Mir sind die Tränen gekommen. Diese Sicherheit und diese Organisation die die Familie leistet ist berührend. Wow. Das sind Wege die Unterstützung finden sollten, auch für andere Familien die gewillt sind so einen guten Weg zu finden, denke ich dass es mehr Mentoring geben sollte, damit sie dies auch erreichen können…

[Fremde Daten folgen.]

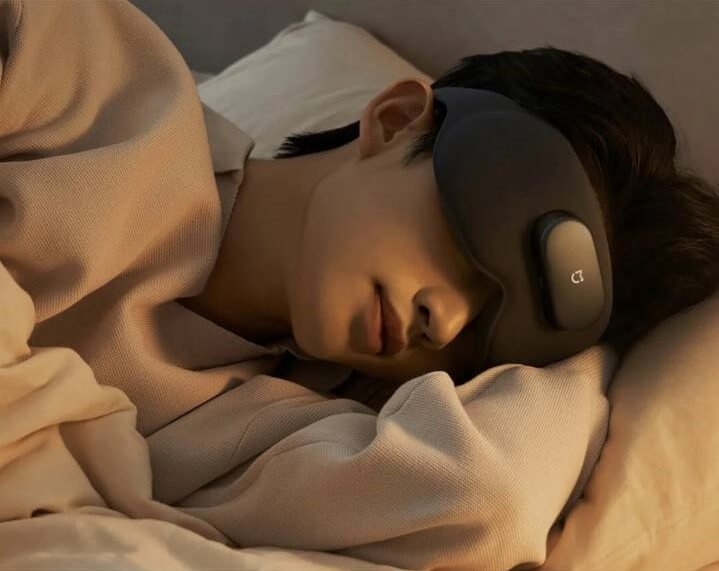 Xiaomi revoluciona o sono com máscara de massagem e aquecimento por apenas ¥ 199 Sono suave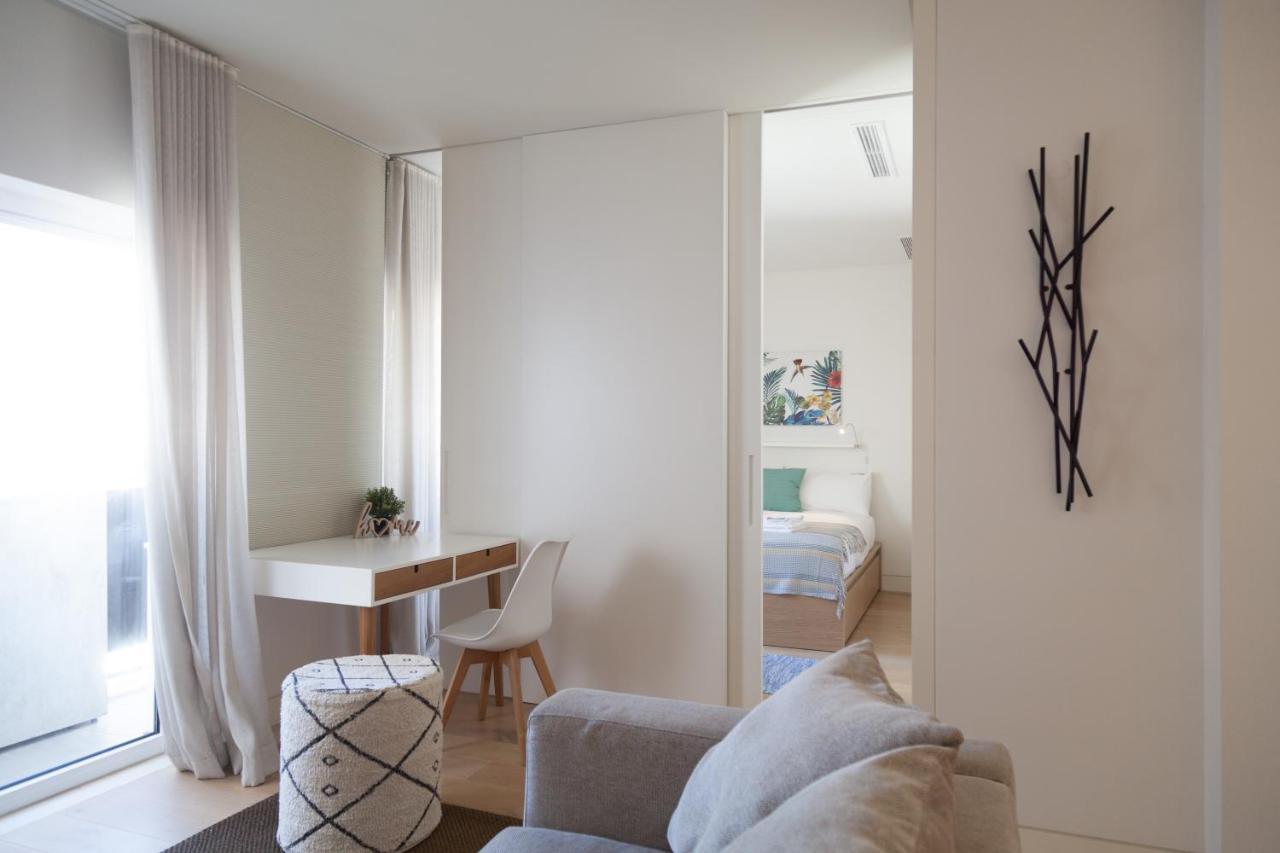 Appartamento Flh Saldanha Minimalist Flat Lisbona Esterno foto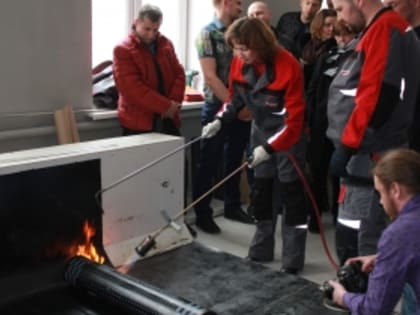 ​Практико-теоретический семинар «Битумные рулонные покрытия в ЖКХ»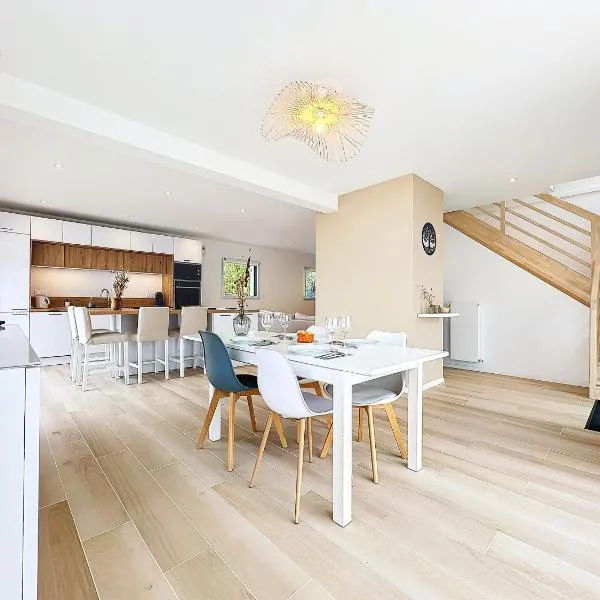 Le Ruffa – hotel w mieście Bohars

Nicole und ihre ganze Familie leisten täglich einen enormen Kraftakt für ihren Sohn. Das Ergebnis ist, ein vertrautes Umfeld, in welchem Jonas sich gut entwickeln konnte und kann. Ohne diesen Kraftakt wäre Jonas entwicklungsmässig so zusagen auf der Strecke geblieben. Auf einer Strecke, auf der es kaum eine Entwicklungsmöglichkeit für ihn gegeben hätte. Es ist bedenklich, dass der Staat, der sich zur Gleichstellung von Menschen mit Behinderung nicht nur bekennt sondern gesetzlich verpflichtet ist, nicht willens ist, die Integration angemessen zu fördern und Lösungen anzubieten, welche eine gewisse Selbstbestimmung ermöglichen. Das muss sich ändern!
Das klingt super.
Bei uns sehe ich auch, wenn das Umfeld passt, ist so viel möglich.
Nur für das Umfeld müssen die Eltern kämpfen. Die Eltern suchen nach Lösungen und sorgen für die Umsetzung. Tag für Tag.
In jedem Mensch steckt Potential was sich nutzen lässt. Es muss nur gefunden werden. Aufgrund des Fachkräfte Mangels, wäre es doch eigentlich eine Option, bei jedem Menschen der da ist danach zu suchen.
Unser Kind findet jeden Fehler. Er könnte Unternehmen somit effizienter machen. Nur leider möchten die meisten Menschen nicht auf Fehler angesprochen werden.
Toller Artikel,
er spricht mir direkt aus der Seele.
Selbstbestimmung ist für unsere autistischen Kinder so enorm wichtig. In Deutschland gibt es noch so viele Hürde auf diesem Weg.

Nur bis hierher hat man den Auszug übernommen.